Jorge Fonseca de Almeida, Dinheiro Vivo
Os últimos dias e, principalmente, noites têm sido marcados por grandes manifestações dos franceses e imigrantes racializados, forte repressão policial, com uso de veículos blindados, drones e mais de uma centena de milhares de polícias armados, e de resistência violenta, no que é um típico levantamento popular.
A comunicação social francesa, numa prova de incompreensão do que se passa, classifica os manifestantes de vândalos. Mas haverá tantos vândalos em França? O que gera a violência destas manifestações?
A França tem tido nos últimos meses enormes manifestações, algumas com milhões de pessoas nas ruas, contra o aumento da idade da reforma. Essas manifestações foram, no essencial, pacíficas. Muitos dos jovens que se levantaram nos últimos dias também participaram nas manifestações sindicais pela manutenção da idade da reforma. O que é que distingue, então, estas duas manifestações?
É que a manifestação pela idade da reforma é uma luta económica, uma luta por uma melhor repartição da riqueza social, uma luta por algo que sendo importante representa apenas 5% mais de tempo de trabalho ao longo da vida. Tempo de trabalho que pode ser compensado com diminuição de horas semanais, com aumento dos salários, com mil e um outros ganhos. Nada de profundamente essencial está em jogo.

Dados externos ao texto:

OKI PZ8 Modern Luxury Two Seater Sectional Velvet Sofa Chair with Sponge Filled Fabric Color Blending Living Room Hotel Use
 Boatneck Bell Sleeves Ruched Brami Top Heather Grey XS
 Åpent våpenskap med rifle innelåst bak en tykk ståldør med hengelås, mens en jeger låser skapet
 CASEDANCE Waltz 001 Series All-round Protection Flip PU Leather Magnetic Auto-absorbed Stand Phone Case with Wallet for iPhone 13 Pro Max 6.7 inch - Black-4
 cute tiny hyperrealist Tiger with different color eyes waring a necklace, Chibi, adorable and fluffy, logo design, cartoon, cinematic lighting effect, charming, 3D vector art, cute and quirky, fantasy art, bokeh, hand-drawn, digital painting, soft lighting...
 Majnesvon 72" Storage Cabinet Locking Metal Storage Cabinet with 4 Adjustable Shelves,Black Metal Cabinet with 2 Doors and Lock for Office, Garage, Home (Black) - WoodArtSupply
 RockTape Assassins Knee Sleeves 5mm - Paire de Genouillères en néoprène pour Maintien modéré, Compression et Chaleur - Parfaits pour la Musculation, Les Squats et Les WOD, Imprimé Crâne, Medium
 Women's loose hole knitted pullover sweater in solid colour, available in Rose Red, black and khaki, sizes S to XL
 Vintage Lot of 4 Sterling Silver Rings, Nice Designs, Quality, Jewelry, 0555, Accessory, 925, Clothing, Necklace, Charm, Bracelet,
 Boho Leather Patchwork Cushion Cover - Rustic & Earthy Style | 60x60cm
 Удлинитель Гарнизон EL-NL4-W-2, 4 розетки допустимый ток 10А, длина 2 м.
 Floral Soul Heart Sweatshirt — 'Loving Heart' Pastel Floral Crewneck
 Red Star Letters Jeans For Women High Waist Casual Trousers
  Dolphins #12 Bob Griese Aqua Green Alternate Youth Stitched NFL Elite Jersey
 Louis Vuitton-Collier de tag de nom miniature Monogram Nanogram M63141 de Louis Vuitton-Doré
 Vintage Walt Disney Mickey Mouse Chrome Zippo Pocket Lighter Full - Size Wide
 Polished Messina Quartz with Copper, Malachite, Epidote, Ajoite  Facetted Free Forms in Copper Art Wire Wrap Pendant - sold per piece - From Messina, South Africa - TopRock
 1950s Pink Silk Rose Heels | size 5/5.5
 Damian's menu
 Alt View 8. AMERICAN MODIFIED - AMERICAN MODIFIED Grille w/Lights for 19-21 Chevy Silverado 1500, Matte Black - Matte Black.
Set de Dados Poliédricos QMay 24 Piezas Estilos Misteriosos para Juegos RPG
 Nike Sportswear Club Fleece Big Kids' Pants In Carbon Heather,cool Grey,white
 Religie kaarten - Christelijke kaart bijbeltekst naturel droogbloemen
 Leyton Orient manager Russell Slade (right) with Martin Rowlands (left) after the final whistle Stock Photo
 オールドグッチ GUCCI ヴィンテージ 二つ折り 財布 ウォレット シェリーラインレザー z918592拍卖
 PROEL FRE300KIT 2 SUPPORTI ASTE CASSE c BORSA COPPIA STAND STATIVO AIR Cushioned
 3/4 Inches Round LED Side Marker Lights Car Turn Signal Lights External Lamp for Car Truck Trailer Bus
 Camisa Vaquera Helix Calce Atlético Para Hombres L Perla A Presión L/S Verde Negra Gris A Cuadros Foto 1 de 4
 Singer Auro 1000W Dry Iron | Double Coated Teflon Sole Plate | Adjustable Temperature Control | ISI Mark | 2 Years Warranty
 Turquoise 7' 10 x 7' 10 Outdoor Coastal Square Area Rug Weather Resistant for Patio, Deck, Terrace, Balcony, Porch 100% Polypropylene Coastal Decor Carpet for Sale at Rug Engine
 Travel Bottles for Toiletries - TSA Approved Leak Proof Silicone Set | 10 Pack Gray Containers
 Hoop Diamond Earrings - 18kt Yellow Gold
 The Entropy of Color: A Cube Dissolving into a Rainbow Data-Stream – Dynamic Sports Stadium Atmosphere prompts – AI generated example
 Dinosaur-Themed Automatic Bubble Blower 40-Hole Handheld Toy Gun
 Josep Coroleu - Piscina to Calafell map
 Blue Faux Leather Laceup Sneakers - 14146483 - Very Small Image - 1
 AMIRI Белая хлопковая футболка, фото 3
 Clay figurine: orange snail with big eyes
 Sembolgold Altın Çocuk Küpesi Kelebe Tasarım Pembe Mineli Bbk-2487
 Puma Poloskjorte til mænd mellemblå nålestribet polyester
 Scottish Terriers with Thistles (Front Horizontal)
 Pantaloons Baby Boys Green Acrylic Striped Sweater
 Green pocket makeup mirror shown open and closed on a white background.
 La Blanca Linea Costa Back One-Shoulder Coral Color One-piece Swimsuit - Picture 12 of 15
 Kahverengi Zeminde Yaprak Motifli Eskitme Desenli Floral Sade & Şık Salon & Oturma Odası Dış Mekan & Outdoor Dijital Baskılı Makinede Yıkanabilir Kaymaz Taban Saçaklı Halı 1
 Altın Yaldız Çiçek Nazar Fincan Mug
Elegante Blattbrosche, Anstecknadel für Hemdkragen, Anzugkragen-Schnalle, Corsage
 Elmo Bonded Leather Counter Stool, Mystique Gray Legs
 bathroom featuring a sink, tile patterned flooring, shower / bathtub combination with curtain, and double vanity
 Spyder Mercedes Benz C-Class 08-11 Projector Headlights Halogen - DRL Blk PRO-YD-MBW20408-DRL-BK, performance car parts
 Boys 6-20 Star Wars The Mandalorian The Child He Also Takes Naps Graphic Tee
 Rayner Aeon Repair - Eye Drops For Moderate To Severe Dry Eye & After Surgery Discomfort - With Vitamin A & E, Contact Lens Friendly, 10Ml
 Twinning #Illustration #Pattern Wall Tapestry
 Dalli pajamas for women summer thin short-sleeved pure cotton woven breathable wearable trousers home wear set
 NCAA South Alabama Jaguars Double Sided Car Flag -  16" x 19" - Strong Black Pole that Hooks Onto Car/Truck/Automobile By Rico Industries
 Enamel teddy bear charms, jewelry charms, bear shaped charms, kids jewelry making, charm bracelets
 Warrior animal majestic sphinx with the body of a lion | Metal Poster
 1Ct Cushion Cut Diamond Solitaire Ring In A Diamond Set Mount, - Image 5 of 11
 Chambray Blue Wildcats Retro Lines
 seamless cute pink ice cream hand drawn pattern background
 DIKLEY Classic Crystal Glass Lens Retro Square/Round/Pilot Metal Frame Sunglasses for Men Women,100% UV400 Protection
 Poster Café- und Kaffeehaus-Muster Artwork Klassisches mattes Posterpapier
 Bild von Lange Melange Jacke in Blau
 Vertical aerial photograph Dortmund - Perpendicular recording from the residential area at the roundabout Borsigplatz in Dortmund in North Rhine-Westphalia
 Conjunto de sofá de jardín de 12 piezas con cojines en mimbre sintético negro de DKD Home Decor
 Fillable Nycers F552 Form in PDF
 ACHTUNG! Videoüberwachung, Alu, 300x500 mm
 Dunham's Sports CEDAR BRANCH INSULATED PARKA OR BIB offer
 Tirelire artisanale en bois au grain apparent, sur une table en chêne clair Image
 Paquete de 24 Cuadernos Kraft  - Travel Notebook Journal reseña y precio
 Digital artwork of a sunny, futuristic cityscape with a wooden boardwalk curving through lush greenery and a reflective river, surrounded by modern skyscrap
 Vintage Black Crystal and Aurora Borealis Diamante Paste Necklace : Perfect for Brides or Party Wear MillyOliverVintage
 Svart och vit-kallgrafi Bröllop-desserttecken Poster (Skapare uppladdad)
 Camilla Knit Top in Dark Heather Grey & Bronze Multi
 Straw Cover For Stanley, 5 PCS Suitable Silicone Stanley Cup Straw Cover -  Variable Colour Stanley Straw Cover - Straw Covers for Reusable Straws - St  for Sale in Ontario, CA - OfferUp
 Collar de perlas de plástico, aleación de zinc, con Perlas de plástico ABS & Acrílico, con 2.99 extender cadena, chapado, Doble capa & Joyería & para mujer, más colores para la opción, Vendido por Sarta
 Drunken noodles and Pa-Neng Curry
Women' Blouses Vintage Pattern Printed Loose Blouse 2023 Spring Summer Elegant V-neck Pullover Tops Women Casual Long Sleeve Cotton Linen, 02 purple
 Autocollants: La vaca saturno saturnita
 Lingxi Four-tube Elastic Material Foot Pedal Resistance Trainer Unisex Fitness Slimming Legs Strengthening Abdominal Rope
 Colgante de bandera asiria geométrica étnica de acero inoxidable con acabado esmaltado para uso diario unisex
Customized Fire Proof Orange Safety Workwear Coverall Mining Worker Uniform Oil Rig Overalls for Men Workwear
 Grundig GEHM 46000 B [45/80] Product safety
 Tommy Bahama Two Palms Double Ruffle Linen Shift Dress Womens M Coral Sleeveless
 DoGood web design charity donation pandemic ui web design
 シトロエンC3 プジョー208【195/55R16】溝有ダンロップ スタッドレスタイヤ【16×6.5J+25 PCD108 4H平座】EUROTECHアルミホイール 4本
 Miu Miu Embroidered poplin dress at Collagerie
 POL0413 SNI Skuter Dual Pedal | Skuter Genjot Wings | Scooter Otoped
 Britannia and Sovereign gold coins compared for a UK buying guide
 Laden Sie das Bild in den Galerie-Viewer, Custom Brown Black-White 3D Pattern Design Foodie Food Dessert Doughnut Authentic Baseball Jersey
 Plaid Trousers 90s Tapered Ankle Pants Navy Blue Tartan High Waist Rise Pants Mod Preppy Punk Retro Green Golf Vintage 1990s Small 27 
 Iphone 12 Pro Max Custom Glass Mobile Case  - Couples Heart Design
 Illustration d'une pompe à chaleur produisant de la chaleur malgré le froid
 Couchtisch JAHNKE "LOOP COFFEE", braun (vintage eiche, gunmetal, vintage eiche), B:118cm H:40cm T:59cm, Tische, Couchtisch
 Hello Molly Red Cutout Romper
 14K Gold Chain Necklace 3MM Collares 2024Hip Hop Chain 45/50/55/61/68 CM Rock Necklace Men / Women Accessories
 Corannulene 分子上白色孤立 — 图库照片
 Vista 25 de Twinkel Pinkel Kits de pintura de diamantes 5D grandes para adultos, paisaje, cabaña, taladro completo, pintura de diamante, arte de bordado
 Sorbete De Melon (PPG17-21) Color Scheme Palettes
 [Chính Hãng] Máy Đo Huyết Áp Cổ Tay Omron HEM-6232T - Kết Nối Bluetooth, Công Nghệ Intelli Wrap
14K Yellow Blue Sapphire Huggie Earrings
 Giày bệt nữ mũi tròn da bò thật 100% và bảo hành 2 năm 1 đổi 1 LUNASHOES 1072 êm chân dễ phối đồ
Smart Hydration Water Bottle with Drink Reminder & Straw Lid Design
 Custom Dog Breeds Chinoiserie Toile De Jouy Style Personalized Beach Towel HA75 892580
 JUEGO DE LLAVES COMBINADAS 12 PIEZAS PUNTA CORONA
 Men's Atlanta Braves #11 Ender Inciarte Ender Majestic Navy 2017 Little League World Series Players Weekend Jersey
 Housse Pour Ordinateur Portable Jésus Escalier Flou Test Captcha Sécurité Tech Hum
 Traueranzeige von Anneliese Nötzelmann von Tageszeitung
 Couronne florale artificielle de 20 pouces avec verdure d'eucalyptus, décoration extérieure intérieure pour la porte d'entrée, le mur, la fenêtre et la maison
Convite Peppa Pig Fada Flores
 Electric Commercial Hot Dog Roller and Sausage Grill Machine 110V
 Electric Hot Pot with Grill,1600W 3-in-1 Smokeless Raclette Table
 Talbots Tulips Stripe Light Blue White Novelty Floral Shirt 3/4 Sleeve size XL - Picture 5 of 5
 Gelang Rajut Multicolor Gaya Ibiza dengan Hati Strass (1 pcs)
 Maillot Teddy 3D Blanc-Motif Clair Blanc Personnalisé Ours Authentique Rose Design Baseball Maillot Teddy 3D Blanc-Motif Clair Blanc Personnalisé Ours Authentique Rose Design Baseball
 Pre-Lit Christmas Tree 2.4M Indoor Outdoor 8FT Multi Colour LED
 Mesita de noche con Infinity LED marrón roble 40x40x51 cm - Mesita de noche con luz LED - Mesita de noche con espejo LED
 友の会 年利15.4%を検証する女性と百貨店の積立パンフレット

O levantamento popular dos jovens tem outra natureza. O que está em jogo é a sua Vida. O que está em jogo é normalização do assassinato de jovens racializados pela Polícia. Por isso a resistência perante a mais forte repressão policial. Por isso a resistência apesar das centenas de prisões diárias. Os jovens sentem e sabem que se deixarem estes crimes passar impunes a Polícia, que já os acedia continuamente com buscas, revistas, agressões, assassinatos ocasionais, vai continuar a sua escalada de violência contra eles. Vai continuar a matá-los por motivos fúteis como infrações de trânsito, a matá-los por dá cá aquela palha. Por isso a fúria, por isso os carros virados, as lojas queimadas.
O jornal Le Monde relata hoje mesmo que a Polícia matou outro jovem aquando de outro controlo de trânsito, desta feita um rapaz guineense de 19 anos (ver aqui).
É, pois, a diferença entre a luta económica por um pouco mais de conforto e a luta, literalmente, pela Vida que explica a diferença de combatividade e violência destes dois tipos de manifestação.
Quando a nossa Vida está ameaçada, quando nos sentimos em perigo de morte, naturalmente, reagimos com mais veemência, com mais energia, com mais destemor. E é correto, porque temos um dever para com nós mesmos de preservar a nossa Vida e a dos nossos. O direito à Vida é o mais importante de todos os Direitos e deve ser defendido a todo o custo.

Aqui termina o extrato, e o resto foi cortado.